Em 2010, saímos novamente na semifinal eliminados pelo time inferior do Internacional. Nesse ano arrecadamos a maior renda do Morumbi jogando contra o próprio time gaúcho (R$ 4,5 milhões). Fatalmente chegaríamos à final. Deixamos de faturar no mínimo R$ 5,5 milhões, sendo vice contra um time mexicano! A Libertadores mais fácil para vencer que já passou por nós.
No total, somente na Libertadores, não faturamos R$ 25 milhões nesses anos. Não conto 2006.

Na copa do Brasil um desastre em 2011. Deixamos de faturar ao menos R$ 3 milhões na semifinal contra o Vasco, perdendo para o Avaí nas quartas.
Em 2012, outro vexame, porque tínhamos o melhor time da competição. Caímos na semi para o Coritiba. Fatalmente seríamos campeões. Deixamos de faturar, somando renda e prêmios, R$ 7 milhões. Ou seja, em 2011 e 2013 totalizamos R$ 10 milhões em valores que deixaram de entrar para os cofres do Morumbi.

Na Sulamericana, também temos prejuízos. Vamos considerar somente 2011, pois anteriormente praticamente não valia nada e não quero agravar a tese proposta aqui. Ao ser eliminado pelo Libertad do Paraguai, deixamos de faturar R$ 3 milhões avançando à próxima fase.

No cômputo geral, somando todas essas eliminações, o clube deixou de faturar R$ 54,5 milhões aproximadamente, por baixo. Estamos falando aqui de resultados minimamente esperados pelo momento, time, elenco, sem o lado torcedor.

O “Se” não entra na contabilidade do futebol, mas é possível explicar muitas derrotas.
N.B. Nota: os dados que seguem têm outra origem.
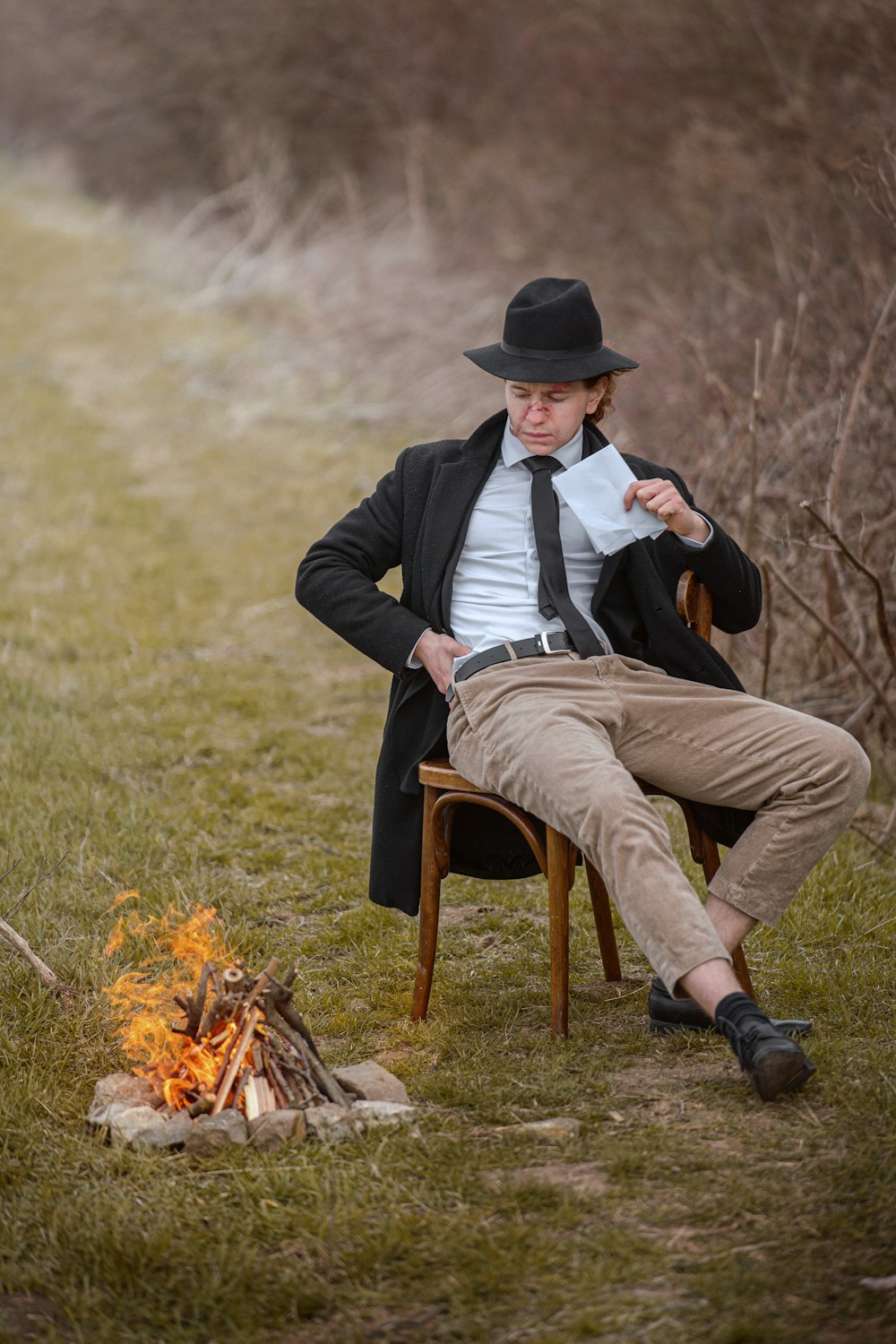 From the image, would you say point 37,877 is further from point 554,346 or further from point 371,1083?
point 554,346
O nosso elenco foi ficando cada vez mais deficiente à partir de 2007. Ora faltavam meias, volantes, atacantes, técnico, zagueiros ou laterais no time principal ou no elenco. Basta analisarem que sempre tivemos deficiências fatais. Se houver erros no decorrer do texto, não importa.
Falta de meias de qualidade (começou em 2008). Falta de laterais eficientes (2007). Falta de atacantes confiáveis (à partir de 2009). Os momentos dos técnicos incertos também se iniciaram em 2010 após a saída do Ricardo Gomes. Falta de bons volantes e atacantes (2010). Em 2011, o pior ano com falta de zagueiros, laterais, volantes e técnico. Em 2012 tivemos sérias deficiências no meio e ataque, mas felizmente chegou técnico que conseguiu ao menos por ordem na casa.
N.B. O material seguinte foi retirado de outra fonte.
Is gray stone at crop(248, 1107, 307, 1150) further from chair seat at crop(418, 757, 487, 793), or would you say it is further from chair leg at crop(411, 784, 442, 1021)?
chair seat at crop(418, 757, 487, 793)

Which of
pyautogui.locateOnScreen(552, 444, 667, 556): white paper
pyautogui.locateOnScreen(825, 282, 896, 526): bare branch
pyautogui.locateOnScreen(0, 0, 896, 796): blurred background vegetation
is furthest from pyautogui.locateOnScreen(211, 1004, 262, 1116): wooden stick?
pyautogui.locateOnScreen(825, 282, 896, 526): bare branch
O que quero demonstrar, após essa longa análise? É inadmissível um clube com o orçamento da altura do São Paulo Futebol Clube ter, seguidamente em todos os anos, um ou dois setores deficitários no time e/ou elenco.
Em 2013, por exemplo, só temos Osvaldo e Luís Fabiano no ataque. Sem comentar os volantes e os laterais, quando um é inexperiente e o outro não sabe da permanência.

A diretoria está causando prejuízos enormes com esse pensamento enxuto, magro. Time forte aumenta a exposição, torcida, audiência, chances de títulos. Abaixo segue a relação de todas as eliminações à partir de 2007, provando como o nosso clube vem se apequenando competitivamente ao passar dos anos.

Campeonato Paulista.
2007: semifinal para o São Caetano. Tínhamos melhor time.
2008: semifinal para o Palmeiras. Tínhamos melhor time (nome por nome)
2009: semifinal para o Corinthians.
2010: semifinal para o Santos.
2011: semifinal para o Santos.
2012: semifinal para o Santos. Tínhamos melhor time.
2013: semifinal para o Corinthians.

Libertadores.
2007: oitavas para o Grêmio. Tínhamos melhor time.
2008: quartas para o Fluminense. Tínhamos melhor time (nome por nome).
2009: semifinais para o Cruzeiro. Tínhamos melhor time.
2010: semifinais para o Internacional. Tínhamos melhor time.
2013: oitavas para o Atlético.

Copa do Brasil.
2011: quartas para o Avaí. Tínhamos melhor time, claro.
2012: semifinal para o Coritiba. Tínhamos melhor time.

Sulamericana.
2007: quartas para o Milionários COL. Tínhamos melhor time.
2008: segunda fase para o Atlético PR. Tínhamos melhor time.
2011: oitavas para o Libertad PAR. Tínhamos melhor time.

São 17 eliminações em seis anos! DEZESSETE!. Apesar de termos bons times, sempre tínhamos sérias deficiências muito bem exploradas por adversários mais fracos melhor montados.

Após ler esse longo texto, espero que compreendam o real motivo da nossa "falta de sorte".
Para você, em $$$, o clube deixou de ganhar quanto nesses seis anos?
R$ 54,5 milhões?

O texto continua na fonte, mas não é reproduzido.